ServiceNow's acquisitions, like the $7.75B deal for Armus, are not meant to prop up growth. They are strategic accelerants for existing, organically-grown billion-dollar business units, enhancing capabilities rather than simply buying revenue.
Nvidia retreated from building its own cloud service due to the difficulty and unreliability of its 'cloud of clouds' model, which leased competitor infrastructure. It has now pivoted to a less complex marketplace model, connecting customers to smaller cloud providers instead.
The future IPO of Anduril, a private defense tech firm, is viewed as a critical test for the entire sector. Its performance will signal Wall Street's appetite for a new class of defense startups that have been heavily funded by venture capital with speculative, low-revenue profiles.
Nvidia is helping customers finance its expensive AI chips through unconventional methods like creating special purpose vehicles for debt or exchanging chips for equity. This indicates that the high cost of its hardware is a significant sales hurdle requiring innovative solutions.
ServiceNow has identified data analytics as its next major growth engine, with the goal of making it the company's sixth billion-dollar business line. This strategy leverages its unique position as an 'enterprise OS' with deep, end-to-end visibility into core business processes.
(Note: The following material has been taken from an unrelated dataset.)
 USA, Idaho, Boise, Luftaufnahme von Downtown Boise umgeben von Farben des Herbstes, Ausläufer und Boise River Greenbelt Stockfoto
Contrary to speculation, SpaceX's IPO narrative around space-based data centers is not a marketing ploy to cover slowing growth. The company believes it's the cheapest long-term compute solution and requires public capital to fund the massive, capital-intensive vision.
The current IPO market is bifurcated. Investors are unenthusiastic about solid, VC-backed companies in the $5-$15B valuation range, leading to poor post-IPO performance. However, there is immense pent-up demand for a handful of mega-private companies like SpaceX and OpenAI.